Nic has brought a very welcome scientific/experimental perspective to a number of discussions here, but he's still subject to peer review - and I expect he wouldn't want it any other way. We all have lots to learn, and it's a fascinating area. I look forward to further discussion.
PS: I should also formally thank Mr. Tillman for publicizing the source code for his program, because it was much more useful to me after a few simple modifications, and I borrowed some of it, for the math behind the colorful sine waves based on fret position. Thanks.
Post Number: 109
|Posted on Wednesday, June 29, 2005 - 4:21 am: |
Yes the great calculator controversy. Went through it in high school. We were encouraged to learn to use them in class but could not use them for tests. However we were allowed to use slide rules on tests (circular or linear). Then I brought my National Semiconductor 100 step programmable to class one day and was told I couldn't use it at all. Didn't matter I had to know the formulas to program it they said it was cheating.
The description of your slide rule sounds identical to mine including it being an inheritence from my father.
Post Number: 90
|Posted on Wednesday, June 29, 2005 - 5:26 am: |
I've got my Post Versalog 1460 right on my desk. It scares the hell out of my boss when I use it. I've got several others in my desk drawer. Combine that with my HP 41CX calculator (no = key) and my touchpad (no mouse); my boss hates coming to my desk. She can't make anything work.
I also have a 7 foot teaching sliderule in my basement.
Post Number: 224
|Posted on Wednesday, June 29, 2005 - 6:15 am: |
Can a slide rule penetrate one of those new kevlar vests?
And that 7 footer should be banned from the games..someone could get hurt if you drop it !
This is a great thread !
I know I have a ton to learn on this subject..like Bob just said it's not who but what is correct.
Another related topic that's always interested me was what can human hearing actually hear or perceive ? Who can actually hear 20hz to 20k hz ?
Ok..that's another thread.
Back to the duel !
Post Number: 314
|Posted on Wednesday, June 29, 2005 - 4:40 pm: |
I don't know what my hearing range is but my wife is convinced there is a dead spot somewhere in the middle. Does anyone know the frequency range of the voice of the average human female, any devices that might enhance my perception in that range, and where I might buy one?
P.S. Fantastic thread, BTW.
Post Number: 90
|Posted on Wednesday, June 29, 2005 - 6:28 pm: |
Dave - The applet display seems to work off the open string frequency, regardless of the fret position selected. It may be browser-dependant; I've only tried it with MSIE.
For Bob, some clarifications: yes, the classic pickup-to-amp-via-cable model says 12db/octave. That's because you're considering both the capacitive and inductive reactances of the system. Two reactors, two "poles." I had started my post from the perspective of ignoring the interior loading of the instrument's controls and the cable and the amp's impedence, and forgot to add those losses back in.

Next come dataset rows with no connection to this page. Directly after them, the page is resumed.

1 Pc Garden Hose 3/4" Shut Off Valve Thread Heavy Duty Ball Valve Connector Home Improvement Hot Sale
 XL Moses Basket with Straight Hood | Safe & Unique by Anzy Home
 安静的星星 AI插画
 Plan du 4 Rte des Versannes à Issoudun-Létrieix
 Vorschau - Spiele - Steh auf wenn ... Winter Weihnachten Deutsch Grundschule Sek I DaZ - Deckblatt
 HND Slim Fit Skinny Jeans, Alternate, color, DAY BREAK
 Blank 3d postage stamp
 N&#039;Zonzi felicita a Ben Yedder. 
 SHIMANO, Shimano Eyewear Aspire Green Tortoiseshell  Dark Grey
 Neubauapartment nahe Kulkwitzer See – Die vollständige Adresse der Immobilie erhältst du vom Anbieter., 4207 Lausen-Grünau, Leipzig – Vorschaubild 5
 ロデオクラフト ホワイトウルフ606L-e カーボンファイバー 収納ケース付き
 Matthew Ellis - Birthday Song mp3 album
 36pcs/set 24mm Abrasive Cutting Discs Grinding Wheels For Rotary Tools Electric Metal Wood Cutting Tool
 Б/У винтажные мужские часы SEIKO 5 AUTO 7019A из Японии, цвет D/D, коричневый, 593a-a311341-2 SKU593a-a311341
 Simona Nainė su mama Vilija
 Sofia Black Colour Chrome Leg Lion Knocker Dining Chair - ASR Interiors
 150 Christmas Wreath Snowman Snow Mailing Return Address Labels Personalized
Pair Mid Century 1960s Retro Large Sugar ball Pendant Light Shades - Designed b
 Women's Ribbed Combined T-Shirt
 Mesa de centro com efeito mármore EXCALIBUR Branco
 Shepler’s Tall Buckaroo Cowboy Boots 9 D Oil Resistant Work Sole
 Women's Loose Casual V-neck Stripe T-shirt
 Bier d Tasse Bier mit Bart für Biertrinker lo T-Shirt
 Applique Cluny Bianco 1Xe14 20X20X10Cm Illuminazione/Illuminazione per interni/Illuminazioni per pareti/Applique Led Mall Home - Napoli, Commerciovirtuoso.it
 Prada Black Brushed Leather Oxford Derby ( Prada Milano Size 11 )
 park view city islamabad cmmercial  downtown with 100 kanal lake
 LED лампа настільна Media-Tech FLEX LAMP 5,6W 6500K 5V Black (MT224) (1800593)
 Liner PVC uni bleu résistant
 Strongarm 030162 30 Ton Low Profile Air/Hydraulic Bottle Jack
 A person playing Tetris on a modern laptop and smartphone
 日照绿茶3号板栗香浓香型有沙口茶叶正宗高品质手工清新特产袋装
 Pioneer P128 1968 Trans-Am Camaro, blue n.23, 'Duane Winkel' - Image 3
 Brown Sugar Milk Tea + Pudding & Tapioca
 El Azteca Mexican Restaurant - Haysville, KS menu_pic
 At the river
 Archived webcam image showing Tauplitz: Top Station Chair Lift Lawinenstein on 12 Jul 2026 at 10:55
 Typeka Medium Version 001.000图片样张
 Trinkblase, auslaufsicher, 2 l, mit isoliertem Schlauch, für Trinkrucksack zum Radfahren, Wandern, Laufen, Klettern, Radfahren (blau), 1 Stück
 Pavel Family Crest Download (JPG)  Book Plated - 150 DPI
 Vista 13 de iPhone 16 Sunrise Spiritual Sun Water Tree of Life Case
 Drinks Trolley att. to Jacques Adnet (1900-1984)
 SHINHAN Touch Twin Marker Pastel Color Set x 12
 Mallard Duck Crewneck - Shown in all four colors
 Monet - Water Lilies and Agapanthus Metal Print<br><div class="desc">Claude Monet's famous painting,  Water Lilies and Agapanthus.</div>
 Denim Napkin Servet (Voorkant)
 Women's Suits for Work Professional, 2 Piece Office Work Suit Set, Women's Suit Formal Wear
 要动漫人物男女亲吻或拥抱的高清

The reason I didn't consider them initially is because the Alembic filter's output driver is intended to minimize cable effects. Driving the cable via an opamp output makes the source impedence very low, so the RC and RI reactance poles there are well out of the instrument's passband. Since I was playing with the instrument's mechanical performance, I kinda forgot about the downstream factors. <g>
(I also basically ignored the pickup's own C/I poles, figuring that Tillson had included them generically in the applet to generate his response curves, and so adding them again might be redundant.)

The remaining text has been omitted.